═════ Material for this exercise

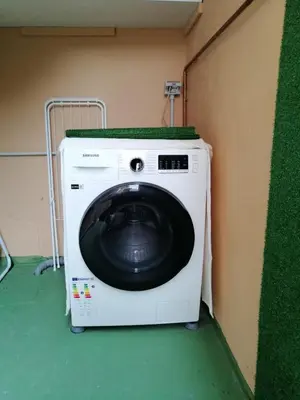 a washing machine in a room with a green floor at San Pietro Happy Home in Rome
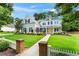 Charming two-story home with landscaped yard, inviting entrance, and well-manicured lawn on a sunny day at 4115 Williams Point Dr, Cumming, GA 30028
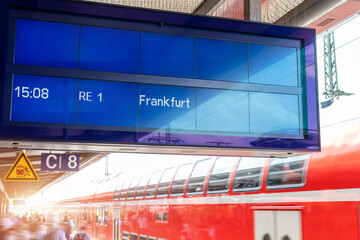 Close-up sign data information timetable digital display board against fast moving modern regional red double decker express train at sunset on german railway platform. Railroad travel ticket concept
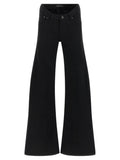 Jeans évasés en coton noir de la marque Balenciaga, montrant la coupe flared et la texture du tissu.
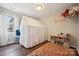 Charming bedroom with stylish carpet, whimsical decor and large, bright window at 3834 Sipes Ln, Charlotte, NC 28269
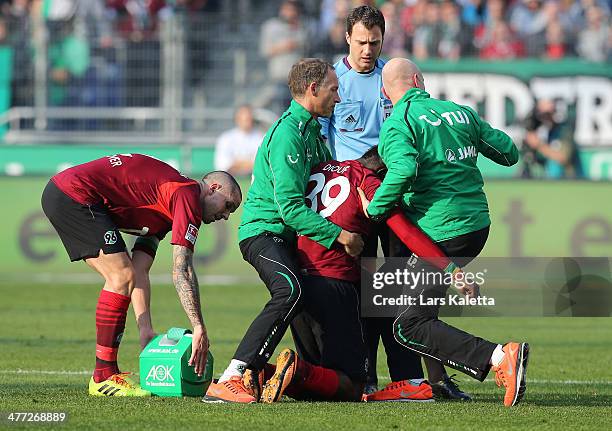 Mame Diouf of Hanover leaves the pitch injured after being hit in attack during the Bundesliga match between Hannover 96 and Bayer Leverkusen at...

══════════

- Your instructions:
The line containing "Charming two-story home" marks the end: retype every line from the first one in the listing up to and including it, without pictures.

- Task output:
 a washing machine in a room with a green floor at San Pietro Happy Home in Rome
 Charming two-story home with landscaped yard, inviting entrance, and well-manicured lawn on a sunny day at 4115 Williams Point Dr, Cumming, GA 30028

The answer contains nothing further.